The third Vogtle reactor is an AP1000 model built by Westinghouse. Approved by regulators for construction in 2005, the AP1000 proved difficult to build, and the cost overruns at Vogtle and V.C. Summer, the never-completed South Carolina plant, led Westinghouse to declare bankruptcy in 2017.

The company has since emerged from financial calamity and recently introduced the AP300, a small reactor that supplies less electricity than the AP1000 but will also be easier to build. The market for these smaller “modular” reactors is expected to grow energetically in the next several years, as the need to phase out fossil fuels becomes ever more urgent.

Westinghouse is hoping to build the first AP300 reactors for commercial use in Slovakia and the United Kingdom.

Read more on Yahoo News: Small modular nuclear reactors: The race is on to actually build them, via Canary Media

Some remain unconvinced


The New Safe Confinement structure over the old sarcophagus covering the damaged fourth reactor at the Chernobyl Nuclear Power Plant in Ukraine in 2021. 
(Gleb Garanich/Reuters)

Yet the new AP300 models have their critics too. Those critics are unconvinced that the new reactor is much of an upgrade over the AP1000 model. So even as the Tennessee Valley Authority is planning to build as many as 20 small reactors, known as BWRX-300, that are similar to the AP300, some are wondering if it wouldn’t just be safer to use the older AP1000 model.

“Why are y’all building four 300-megawatt reactors that haven’t been built anywhere instead of an AP1000?” one regulator wondered.

Others simply believe that the risks of nuclear energy are too great — and that the resources being devoted to building new reactors would be better spent on developing renewable sources.

And though nuclear power doesn’t emit greenhouse gases or other atmospheric pollutants, it leaves behind radioactive waste that most communities want nothing to do with.

This past spring, Germany shut down its final three reactors, a transition it began after the massive 2011 meltdown at the Fukushima Daiichi nuclear power plant in Japan.

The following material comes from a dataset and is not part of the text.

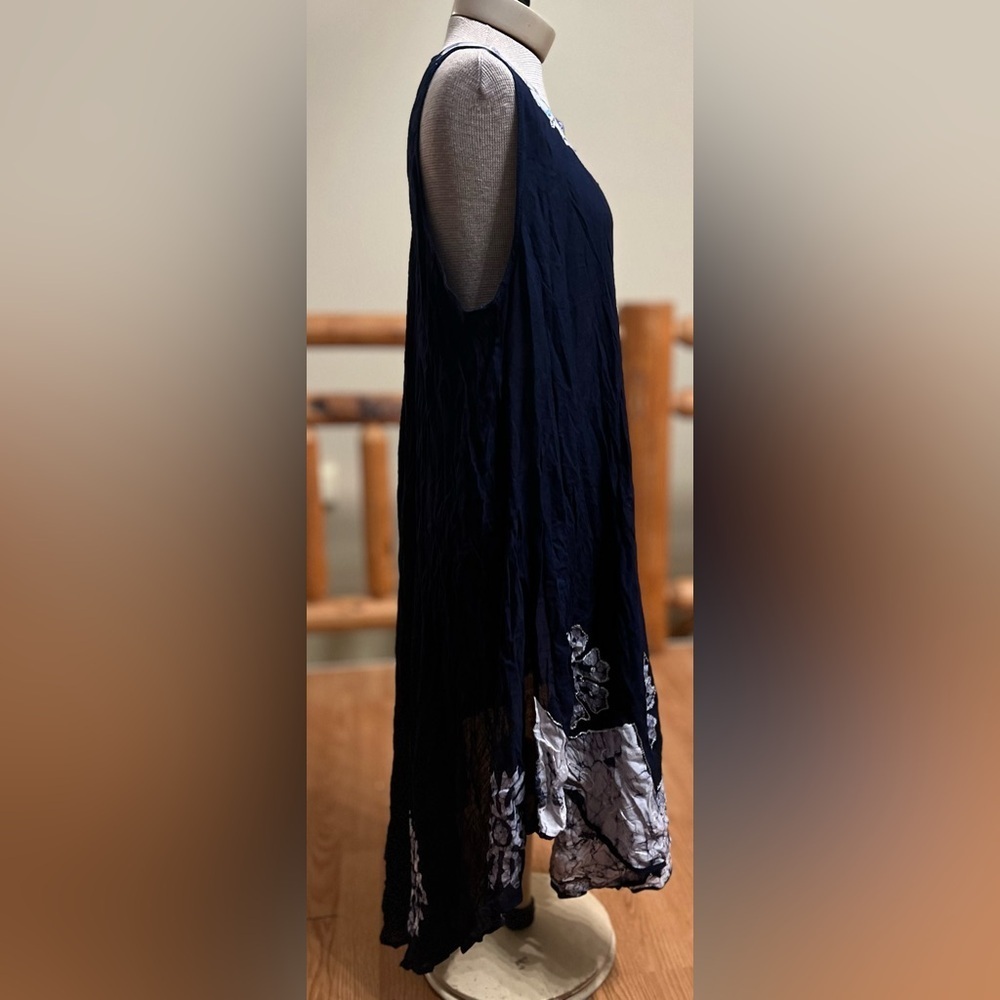 🌊 Riviera Sun Navy Embroidered Handkerchief Hem Dress — Free Plus - Picture 4 of 9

“It is not simply ideological speculation. There is a very real danger that is posed by this power plant and by all nuclear power plants around the world,” one antinuclear German activist said. “And that’s why I think it’s so particularly important that we in Germany manage to phase out nuclear power. Because if we manage to do that, then maybe the other countries will think about what they could do better.”